Question

An exotic spherical jellyfish has a bulk modulus $B$. Close to the surface of the sea (depth $d=0$), its radius is $R$. When it dives to a depth $d$ ($d \gg R$), its radius is reduced by $\Delta R > 0$. Given the density of the incompressible sea water $\rho$, and the uniform acceleration due to gravity $g$ such that $\rho g d \ll B$, what is $\frac{\Delta R}{R}$?

• A. $1 - \left( 1 - \frac{\rho g d}{B} \right)^{1/3}$
• B. $1 - \left( 1 - \frac{\rho g d}{B} \right)^{2/3}$
• C. $\left( 1 + \frac{\rho g d}{B} \right)^{2/3} - 1$
• D. $\left( 1 + \frac{\rho g d}{B} \right)^{1/3} - 1$

Hint:

For any small fractional changes, the volumetric strain is approximately three times the linear strain ($\frac{\Delta V}{V} \approx 3 \frac{\Delta R}{R}$).
Since we are given exact expressions in the options, working with exact volume equations yields the precise formula.

Answer 1

The Correct Option is A

Step 1: Understanding the Question:
We are given a spherical jellyfish of radius $R$ and bulk modulus $B$.
When it dives to a depth $d$, the hydrostatic pressure increases, causing its volume to decrease, which in turn reduces its radius to $R - \Delta R$.
We need to find the fractional change in radius $\frac{\Delta R}{R}$.

Step 2: Key Formula or Approach:
The bulk modulus $B$ is defined as:
\[ B = -\frac{\Delta P}{\Delta V / V} \implies \frac{\Delta V}{V} = \frac{\Delta P}{B} \] where $\Delta P$ is the change in hydrostatic pressure at depth $d$, given by $\Delta P = \rho g d$.
The volume of a sphere is $V = \frac{4}{3}\pi R^3$.
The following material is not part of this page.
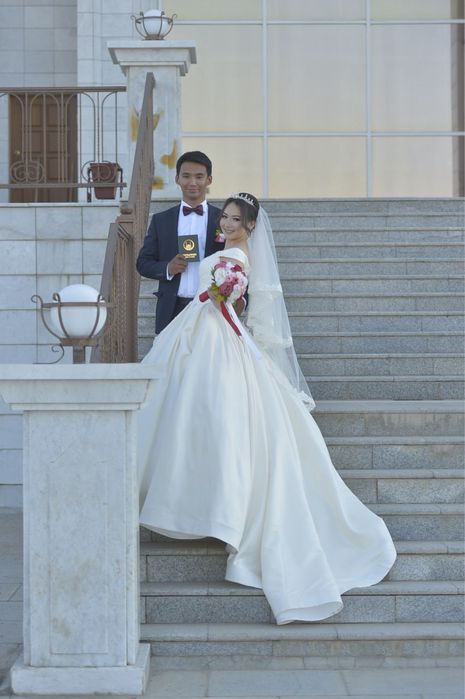 Продам свадебное платье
Step 3: Detailed Explanation:

• Let the initial volume at the surface be $V_i = \frac{4}{3}\pi R^3$.

• Let the final volume at depth $d$ be $V_f = \frac{4}{3}\pi (R - \Delta R)^3$.
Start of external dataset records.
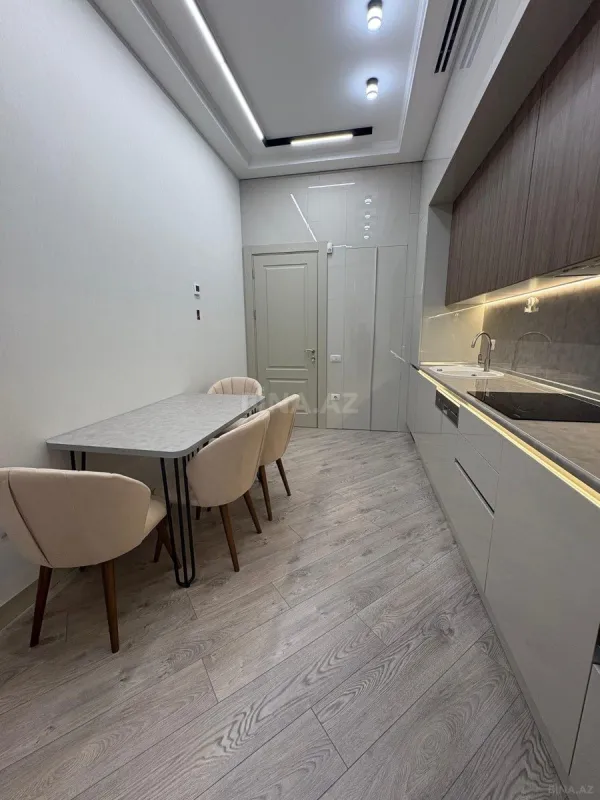Satılır 4 otaqlı mənzil 120 m²
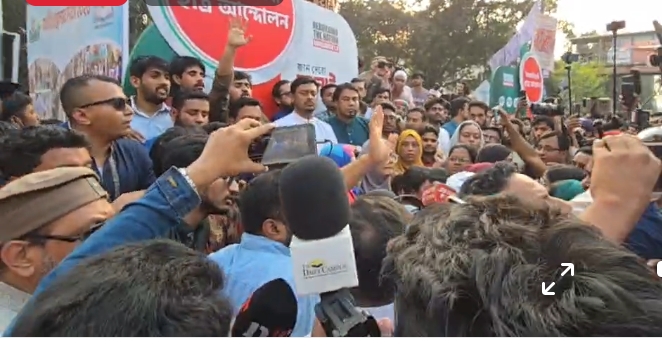 গুলিবিদ্ধ ইনকিলাব মঞ্চের জাবেরকে ঘিরে বিক্ষোভ মিছিল, রাজপথে নাসীরুদ্দীন পাটওয়ারী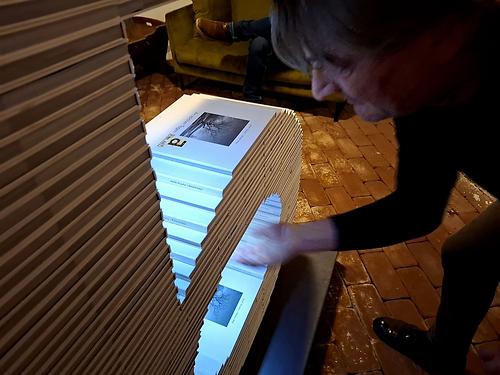 Objekt von Tanja Alber: Joachim Karner schaltet das Licht ein.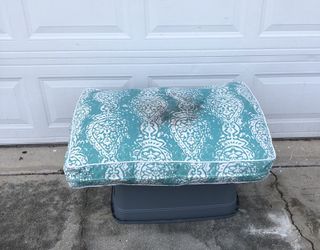 25” x 32 “ pet bed 4” thickness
• The change in volume is $\Delta V = V_i - V_f$.

• The fractional change in volume is:
\[ \frac{\Delta V}{V_i} = \frac{V_i - V_f}{V_i} = 1 - \frac{V_f}{V_i} \]
• Substituting the formulas for volume:
\[ \frac{\Delta V}{V_i} = 1 - \left( \frac{R - \Delta R}{R} \right)^3 = 1 - \left( 1 - \frac{\Delta R}{R} \right)^3 \]
• From the definition of bulk modulus:
\[ \frac{\Delta V}{V_i} = \frac{\Delta P}{B} = \frac{\rho g d}{B} \]
• Equating the two expressions:
\[ 1 - \left( 1 - \frac{\Delta R}{R} \right)^3 = \frac{\rho g d}{B} \] \[ \left( 1 - \frac{\Delta R}{R} \right)^3 = 1 - \frac{\rho g d}{B} \]
• Taking the cube root on both sides:
\[ 1 - \frac{\Delta R}{R} = \left( 1 - \frac{\rho g d}{B} \right)^{1/3} \] \[ \frac{\Delta R}{R} = 1 - \left( 1 - \frac{\rho g d}{B} \right)^{1/3} \]

Step 4: Final Answer:
The fractional change in radius $\frac{\Delta R}{R}$ is $1 - \left( 1 - \frac{\rho g d}{B} \right)^{1/3}$.